Recorded information Block Start
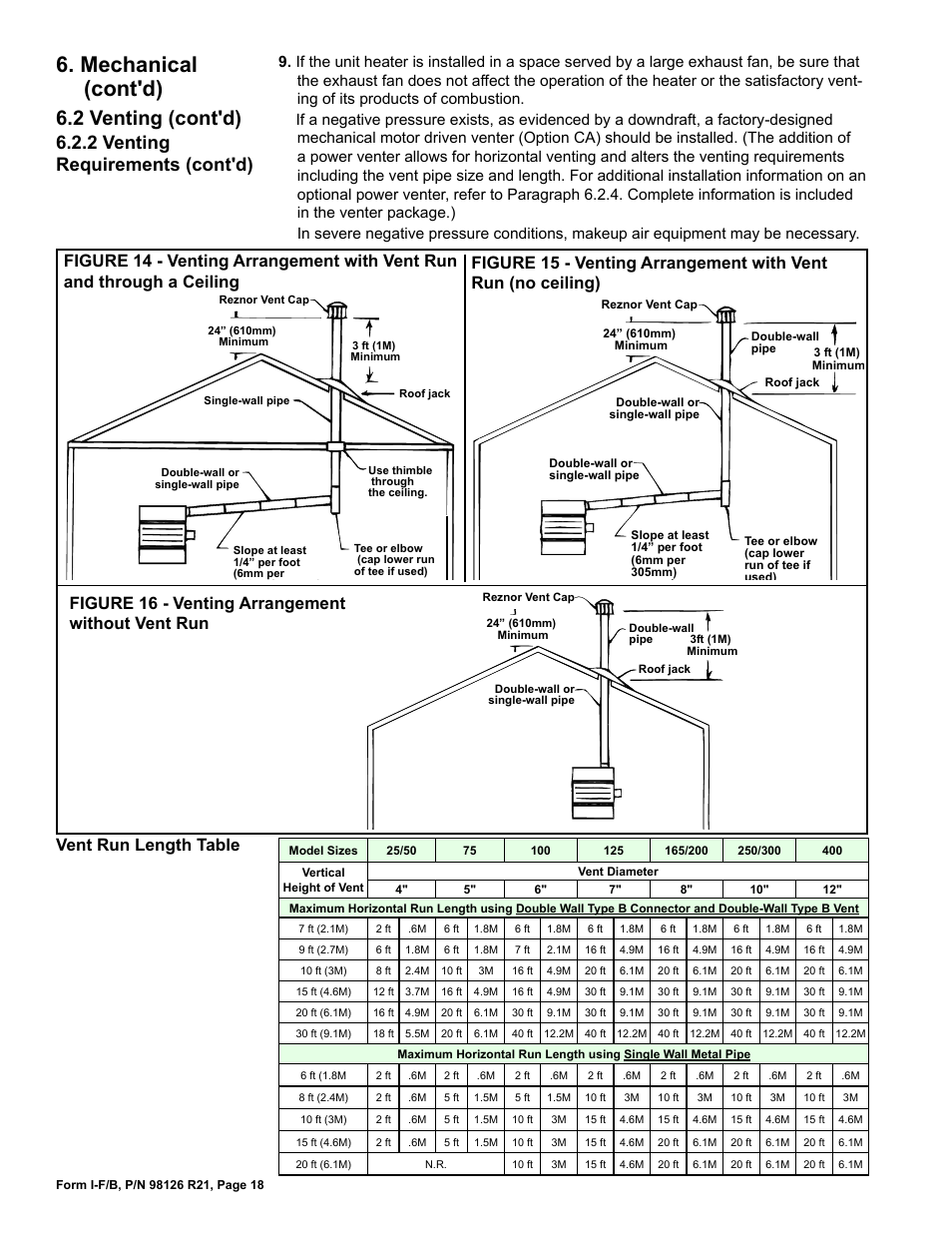 Mechanical (cont'd), 2 venting (cont'd), 2 venting requirements (cont'd) | Figure 16 - venting arrangement without vent run, Vent run length table | Reznor B Unit Installation Manual User Manual | Page 18 / 40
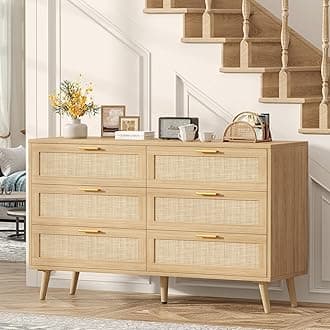 Rovaurx 6 Drawer Double Dresser for Bedroom, Rattan Chest of Dressers, Modern Wooden Dresser Chest with Golden Handles, Beside Table for Closet, Living Room and Entryway, Natural RDG001M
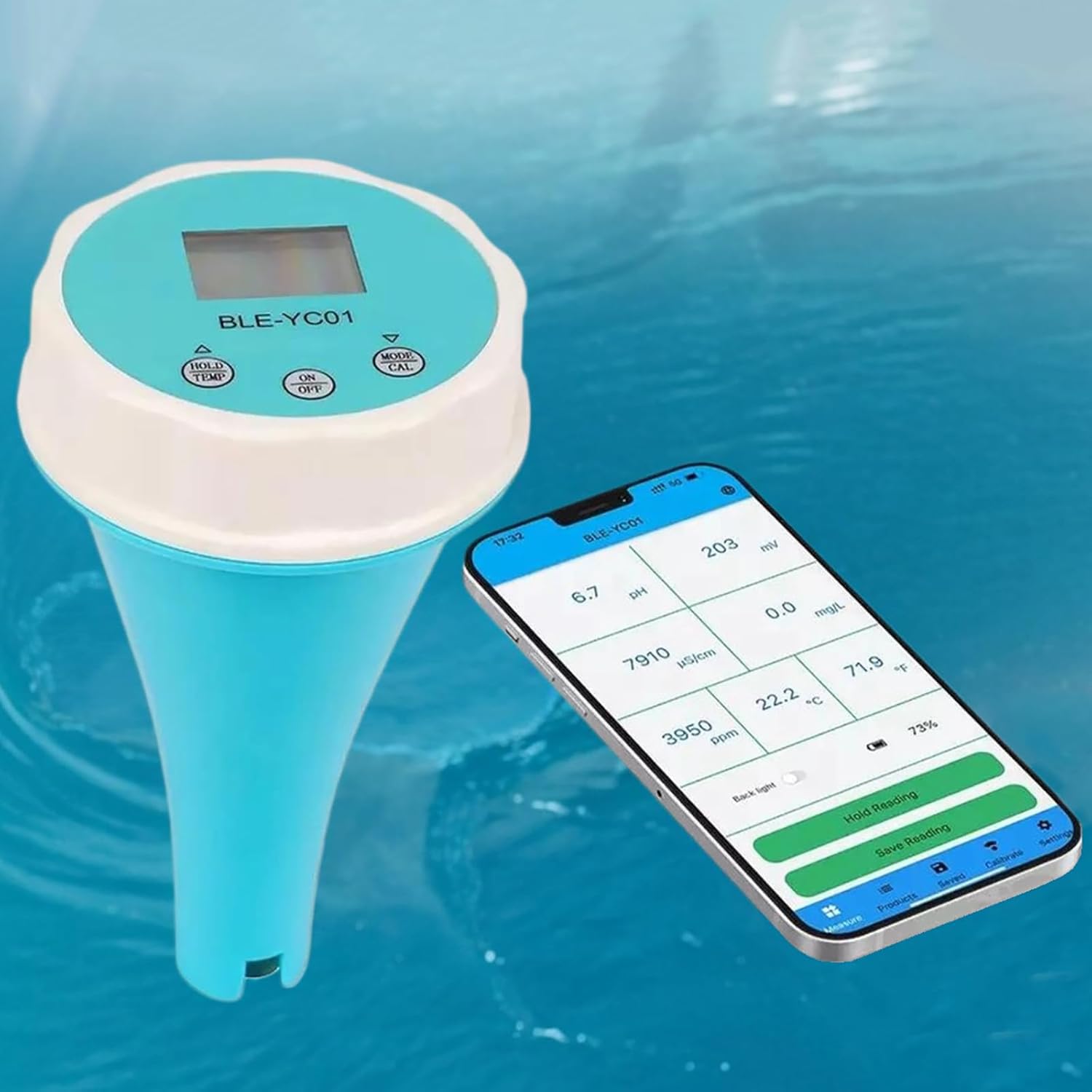 Tester jakości wody Bluetooth 6 w 1 PH CL EC TDS ORP Temperatura, WiFi pływający termometr do basenu i akwarium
Recorded information Block End
§ **Exercise aim**
Write out the data exactly, and exclude every picture it holds.

§ **Output of the exercise**
 Mechanical (cont'd), 2 venting (cont'd), 2 venting requirements (cont'd) | Figure 16 - venting arrangement without vent run, Vent run length table | Reznor B Unit Installation Manual User Manual | Page 18 / 40
 Rovaurx 6 Drawer Double Dresser for Bedroom, Rattan Chest of Dressers, Modern Wooden Dresser Chest with Golden Handles, Beside Table for Closet, Living Room and Entryway, Natural RDG001M
 Tester jakości wody Bluetooth 6 w 1 PH CL EC TDS ORP Temperatura, WiFi pływający termometr do basenu i akwarium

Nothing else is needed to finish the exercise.